We wanted to provide something that works in perfect harmony with the
existing Python logging module without unnecessary duplication of
features and no external dependencies (outside the PSL).
::
LogTrace(logger=None, # we'll emit output here
delimiter="; ", # delimiter between messages
tag='', # add a non-unique label
unique_id=False, # create a uuid to identify the log?
verbosity='v' # level of output for frame information
)
- ``logger``: the standard logger returned from
``import logging; logger = logging.getLogger(__name__)``. You can
create a ``LogTrace()`` without a logger in which case it creates
with the value of ``__name__``.
- ``delimiter``: the character(s) used between messages
- ``tag``: This is a convenience to tell LogTrace() to use hash+tag at
the start of every entry after calling ``.emit()`` for ease of
searching.
- ``unique_id``: generate a uuid to associate with the final message
output.
- ``verbosity``: v, vv, vvv for three levels of verbosity when adding
frame information
``LogTrace.get_uid()``: return the unique id. If one has not been set
during construction of the LogTrace, a uuid is generated. Otherwise, it
returns the existing one.
``LogTrace.set_uid(uid)``: Set a unique id. This can be done by
constructing ``LogTrace()`` with ``unique_id=True``. This takes normally
either a uuid or str argument.
``LogTrace.add(msg, data, backup)``: Add a message to the list. This
will get frame information for the call depending on the verbosity
level.
``LogTrace.emit_string()``: return a string that is the final log
message.
``LogTrace.emit()``: call ``logger.debug(message)``
``LogTrace.emit_error()``: call ``logger.error(message)``
``LogTrace.emit_info()``: call ``logger.info(message)``
``LogTrace.emit_debug()``: call ``logger.debug(message)``
``LogTrace.emit_warning()``: call ``logger.warning(message)``
``LogTrace.emit_critical()``: call ``logger.critical(message)``
When the ``LogTrace`` is created, ``time.time()`` is recorded. Whenever
``LogTrace.add()`` is called, the start time is subtracted from the
current time when the message is added. The final message prints the
number of seconds since creating.
You probably want to avoid including ``LogTrace.add()`` in loops. You
also probably want to create it as a local, not a module-level variable.
Pass it as a method argument rather than using a module level instance.

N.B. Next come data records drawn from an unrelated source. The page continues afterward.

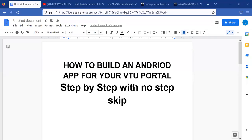Hello, welcome to this video. My name is Mr. Shadrack and I welcome you to this short tutorial on how to build an Android app for your YouTube Twitter portal step-by-step with no step skipped. My name is Shadrack and I hope you are going to learn a lot from this tutorial.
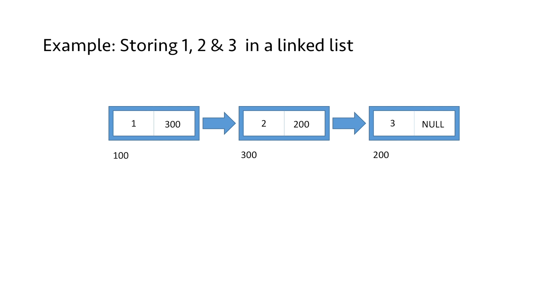But we are missing something here. We need a head or start pointer to point to the first node of the linked list. This pointer is used to access the linked list. So it will store 100, which is the address of the first node, which means it is pointing to the first node.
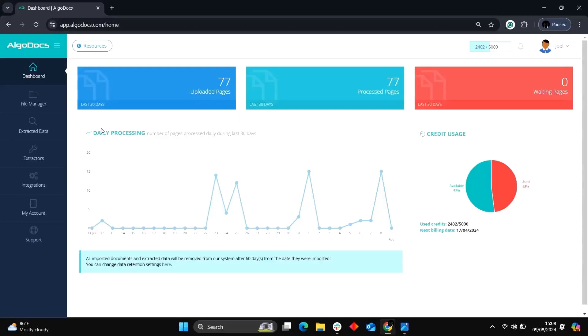Hi! Welcome to another screencast video of Algodox. Today, I will walk you through extracting handwritten data from forms using Algodox AI.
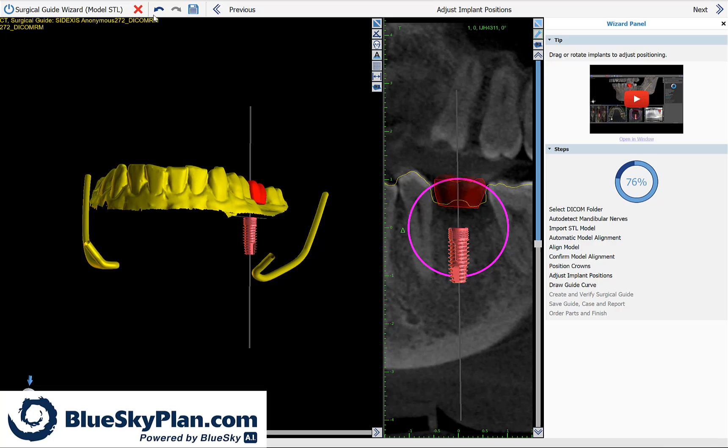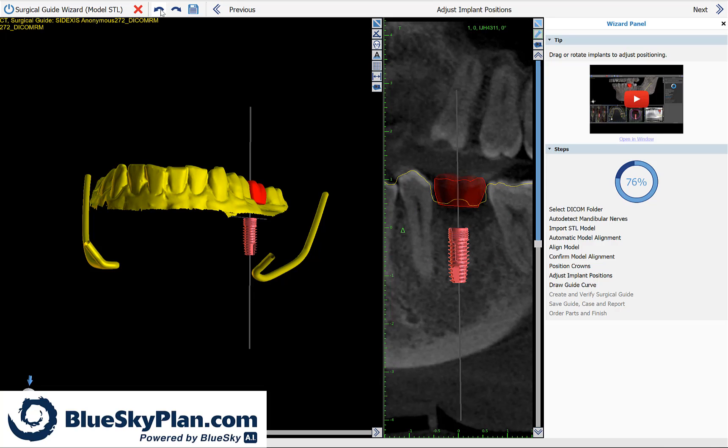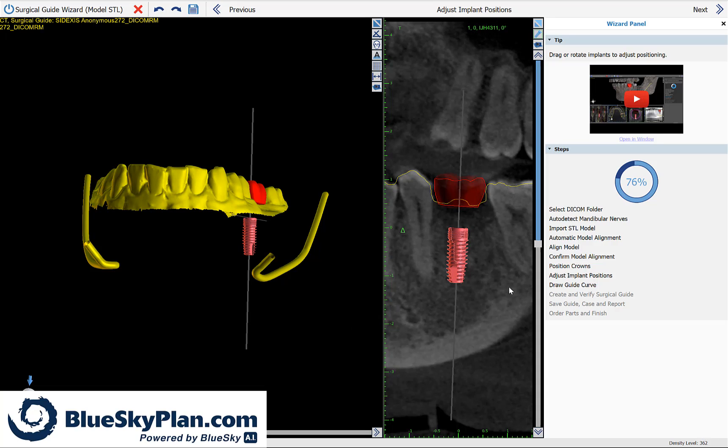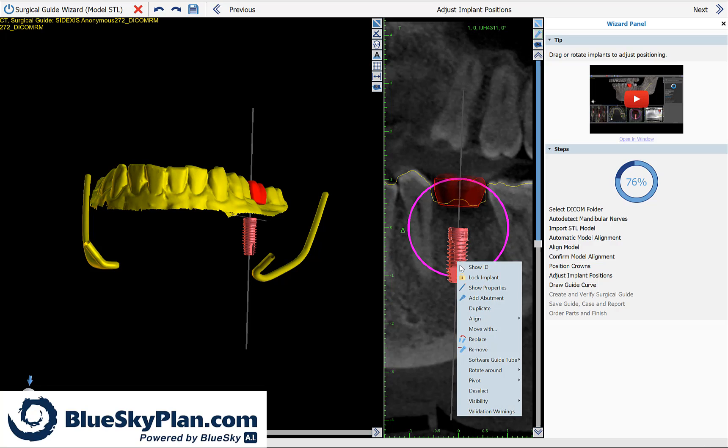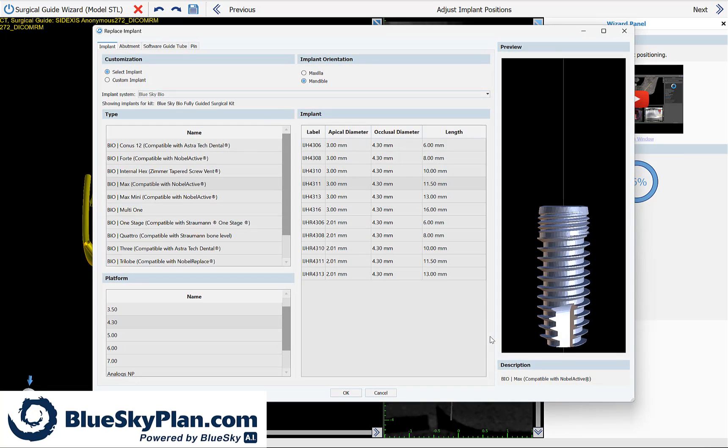I'm going to click undo to return the implant to its previous positioning. At this point also, if you decide that you want to place a different size implant, simply right click on the implant, choose replace, select the relevant implant system width and length, and then click OK.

If you do want to re-use a ``LogTrace`` and clear messages, you can call
``LogTrace.clear()``. But be aware the uid might need to be reset
depending on your application requirements.
Extra Data
----------
``LogTrace.add()`` has an optional parameter ``data`` that takes a
dictionary. We keep a dict in the object and ``update()`` it whenever
the ``data`` parameter is used. This doesn't do anything within
``LogTrace`` itself other than maintain the ``data`` member variable.
But you can accumulate data and later ship the data to a service like
AWS S3 or whatever, like this:
::
logger.info(trace.emit_string(), extra=trace.data)
This would be useful if you are using a logging handler that ships the
``logging.LogRecord`` as JSON to some service like a document oriented
data store, Elasticsearch, etc.
Testing
-------
::
pip install pytest
cd logtrace
pytest test.py --verbose
or
::
python3 logtrace/test.py
Performance
-----------
``LogTrace()`` appends to a list of strings everytime you call
``add()``. But it firstly calls ``inspect.getFrameInfo()`` and builds
the string with that information. When ``emit()`` is called, it
concatenates all the strings in the list separated by ``delimiter`` and
then calls ``logger.info()`` or whatever method is appropriate. If the
effective level is not the current level for the method, then the list
will be empty and it won't do the call to the ``logger`` method.